I am English and at present live in England.
I retire in about 12 months and would like to spend a couple of years traveling the USA and Canada with my wife in an RV.
Could anyone tell me if this is possible and am I allowed to buy an RV in the USA (then sell it after a couple of years), get insurance and anything else that is legally required.
I travel quite a lot in the UK and at present tow a caravan.
If you could help me it would be much appreciated.

Thanks a lot Dave.


----------



## fairlane (May 20, 2012)

Come to Arizona. The illegal's coming from Mexico can do it so should be easy for you. May require a US mailing address.

That way you'll be close to Sedona & the Grand Canyon when you start. Beautiful country.


----------



## C Nash (May 20, 2012)

Welcome to the forum Dave.  Do a search here as this has been brought up before.  No knowledge on it myself but know there are those that have done it.  Should be no problem if you have the dollars to do it.


----------



## LEN (May 21, 2012)

We have friends from Bermuda that have a RV here and travel back and forth and also from Sweden so it is possible. Look on IRV2.com for the Swedes are coming in the Monaco forum. Also http://triangledrifters.blogspot.com/
I am sure they can answer all your questions.
See you on the other side of the pond.

LEN


----------



## vanole (May 22, 2012)

English,

I think Len meant "The Danes are Coming" over on the IRV2 forum.  Easiest place to find them is in the Monaco section of that forum.  Henrik posts alot and seems to make the trip frequently to the US.

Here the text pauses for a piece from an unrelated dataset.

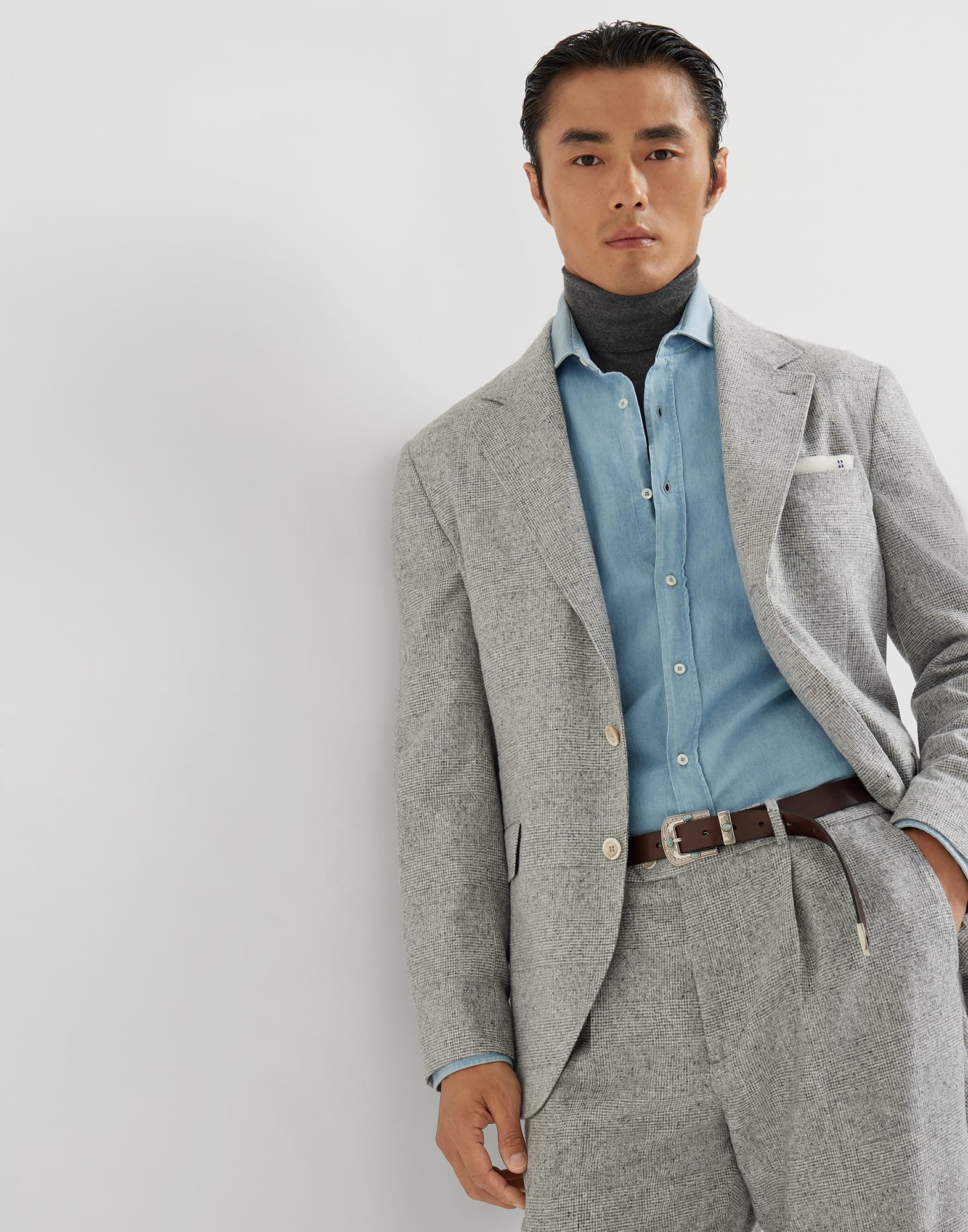 Silk, wool and cashmere flecked Prince of Wales flannel deconstructed blazer - 4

This past winter in Miami there were two seperate couples doing exactly what you mentioned doing.  One couple from Germany and  another from Iceland.  So like the above two posters have said its doable but I'm not 100% sure of the process.

Jeff


----------



## ejdixon (May 30, 2012)

Welcome to the forum, Dave.

First off, you'll need a valid US address to have the RV you're getting registered and for the insurance. Some foreigners that have relatives in the US would use their relatives' address for this (with their permission, of course). You can try that avenue. If you don't have any relatives who'd be willing, you can rent a mail box here in the US for that.

As for the driver's license, you can use an international driving permit. 

I'm not sure about the visa and length of stay policies in the UK. My cousin from Australia had a ten-year visa, but was only allowed a maximum of six months each time. Don't really understand why. But since you mentioned you're including a trip to Canada, I think you'll be fine. Just make sure to check how long you can stay each time that you enter the US, then before you reach the limit, head over to Canada and then come back to "restart" your stay.


----------



## dave line (Jun 1, 2012)

Thanks very much for the info, my wife's sister lives in Colorado so I should have no trouble.
Much appreciated Dave.


----------